Até quando a humanidade vai ter que se desculpar com Israel?

Palestinos, moradores da Faixa de GAZA

Existe, na atualidade, uma clara mudança de postura em relação o passado. A partir de um dado momento nos deparamos com uma verdadeira obsessão da rememoração e, junto com ela, difunde-se a crença que é possível reparar-lo ou manter um julgamento perpétuo do presente pelo passado. Em nome dessa reparação e desse julgamento sempre inacabado, muitas políticas sociais têm emergido nos últimos anos em várias partes. Os discursos sobre memória no começo da década de 80, na Europa e nos Estados Unidos, foram também impulsionados pelos debates em torno do Holocausto; evento tornado exemplar para reflexão dos acontecimentos emblemáticos no século XX. 

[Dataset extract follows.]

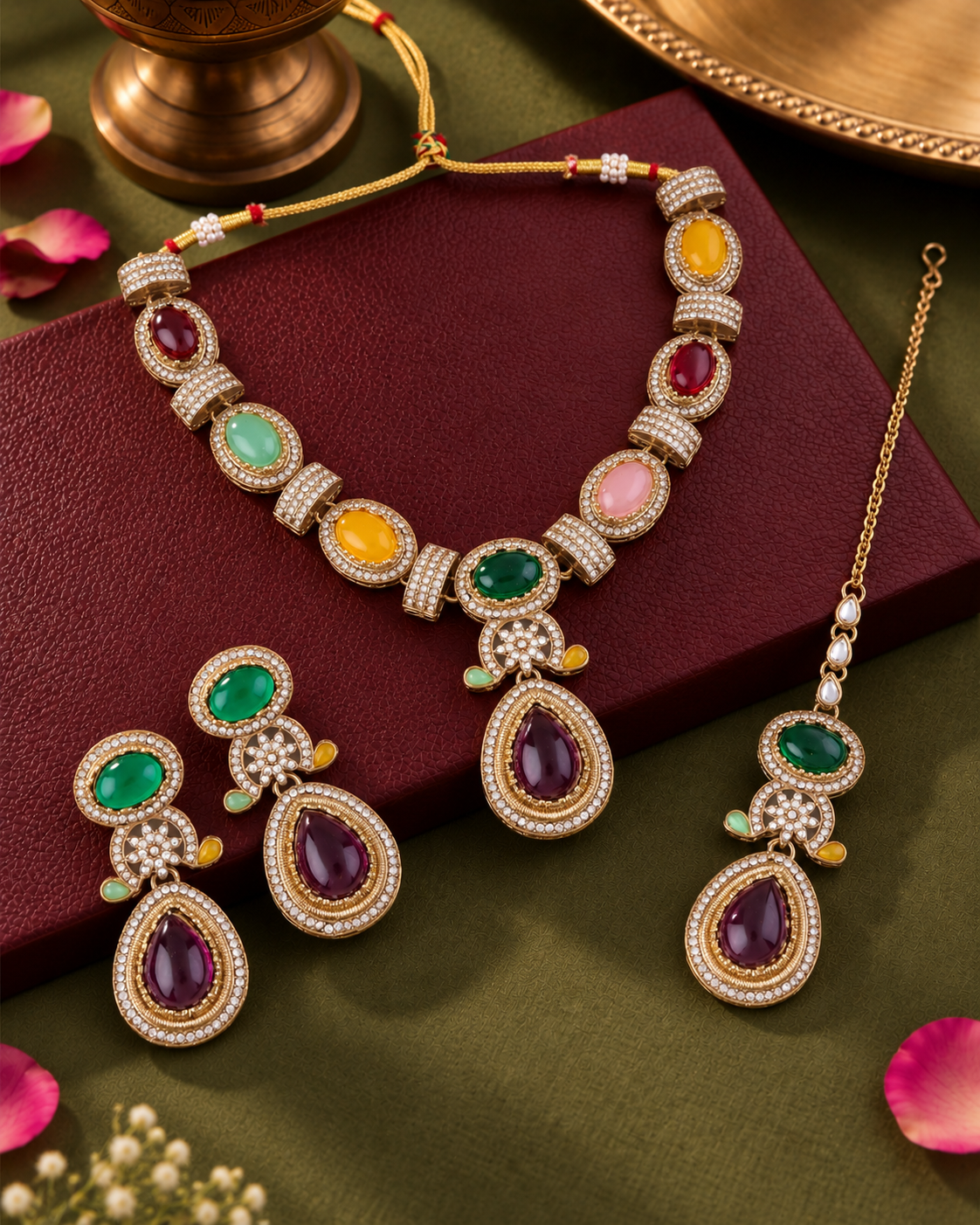 Multi Aroshika Premium Sabya Inspired Necklace Set with Earring & Teeka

O agravamento desses conflitos colocou o holocausto como o grande centro das disputas de memória no final do século passado e o tornou referência de massacres e mortes em várias partes do mundo. Mais ainda, fez do povo judeu o guardião de uma memória que alcançou uma dimensão de universalidade extremamente complexa. A partir de uma bem estruturada política mundial de memória em torno desse acontecimento que incluiu a produção de filmes, proliferação de monumentos, documentários, fabricação de artefatos, exposição de grande alcance através dos meios de comunicação, o holocausto, acontecimento traumático memorável, tornou-se o mais bem sucedido projeto de construção de memória no século XX e foi capaz de fazer de suas vítimas/protagonistas autoridades inquestionáveis a falar e a fazer calar em nome do passado. 

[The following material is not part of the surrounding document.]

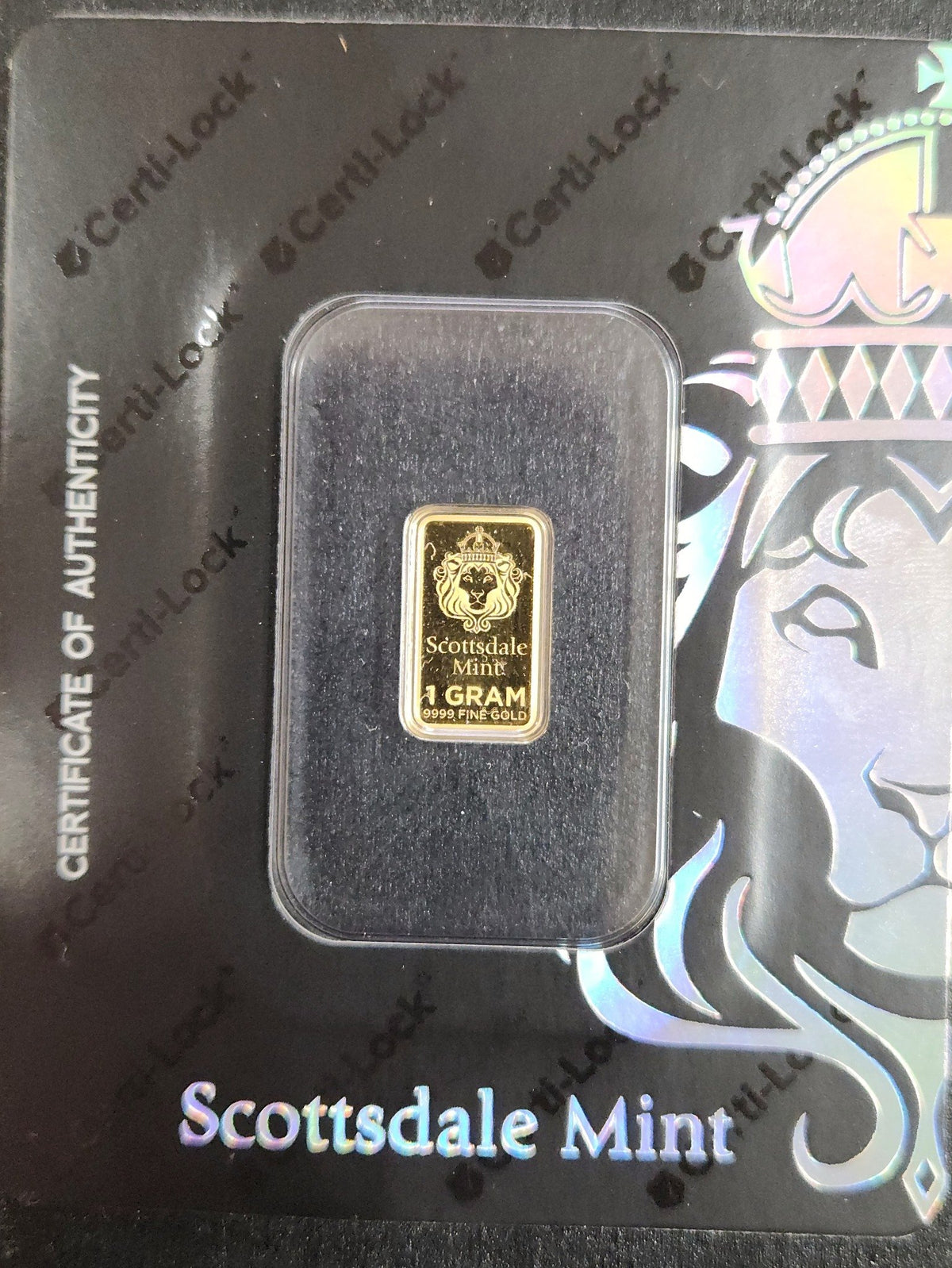 Scottsdale Mint 1 Gram.9999 Fine Gold Prepper Bar 32D9 — Obverse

É preciso que compreendamos que, a própria passagem do holocausto para o primeiro plano dos debates sobre memória, representa um capítulo no intenso jogo de disputas sobre o passado e a informação o que foi particularmente evidenciado com a constituição dos sistemas nazi-fascistas. Certamente a reflexão sobre os grandes crimes da humanidade se constitui um passo importante para a superação de grandes traumas e possibilita um maior amadurecimento para que as sociedades atuais aprendam a lidar de forma reflexiva e crítica com seu passado. Todavia as questões que se colocam são as seguintes: até quando as dores do passado devem servir para orientar e justificar todas as ações no presente? 

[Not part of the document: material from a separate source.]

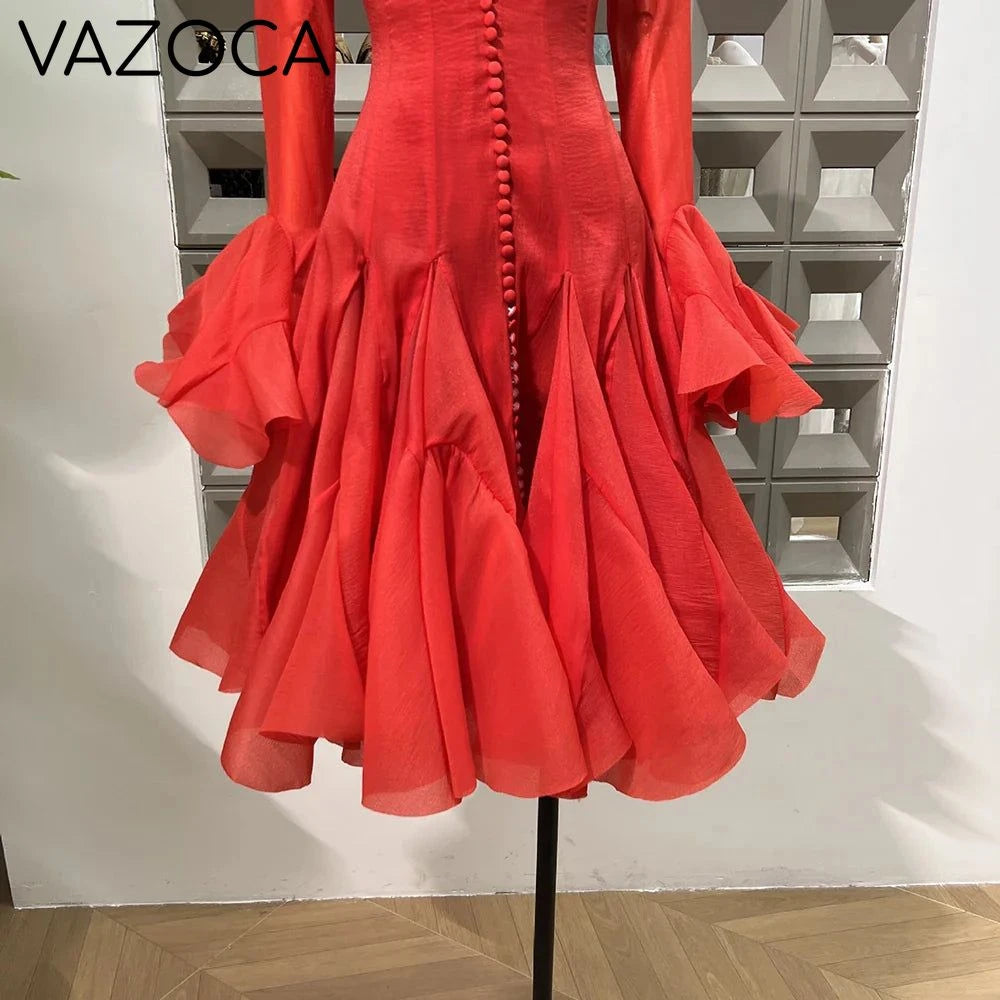 Lory Peated Flare Midi Dress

Em que medida uma memória traumática pode se reverte em discurso de subjugação e tirania no presente? Em nome da memória de povo perseguido ao longo dos séculos, Israel hoje se situa num lugar quase inalcançável de críticas ou sanções políticas. Pode fazer o que bem entender em suas terras e fora delas e o mundo inteiro parece sempre baixar a cabeça como a pedir-lhe desculpas. Todos se sentem constrangidos a pedir contas a Israel, mesmo que a política externa e interna que ele pratica se aproxime em intransigência às piores ditaduras da contemporaneidade. Embora se compreenda a aguerrida reiteração da memória de sofrimento do povo Judeu, contudo, é preciso que se chame atenção este não foi o único povo perseguido da humanidade. Populações inteiras das Américas foram dizimadas, assim como, africanos e asiáticos também sofreram século de exploração e massacre. Na verdade, a África, hoje, continua sendo um continente em holocausto de fome e miséria resultado de séculos de dominação européia. A diferença fundamental foi que, infelizmente, eles nunca conseguiram realizar a construção midiática da sua memória de perseguição, nenhum Spielberg habita entre eles. Continuam esquecidos, a não ser é claro, hoje quando todos foram para lá, jogar futebol.


Comentários

Unknown disse…
Como sempre, você nos brinda com palavras lúcidas, Sônia. O genocídio contra os judeus no século XX é, sem dúvida, algo execrável. Todavia, a condenação do holocausto não deve isentar Israel de críticas. O desrespeito aos direitos humanos no trato da questão palestina deve ser execrado no mesmo grau.
Nestor Mainieri disse…
Oh! Por jeovah! Não sei que interpretações nossos queridos israelenses conseguiram extrair do velho testamento, especialmente no que diz respeito a "como conviver com os povos não escolhidos". Provavelmente nada que se encaixasse no que conhecemos hoje por "direitos humanos". Quanto aos demais povos, tendo-se o pão, vai-se ao circo. mesmíssima coisa quando os também criminosos chineses invadiram o Tibet. Quem notou?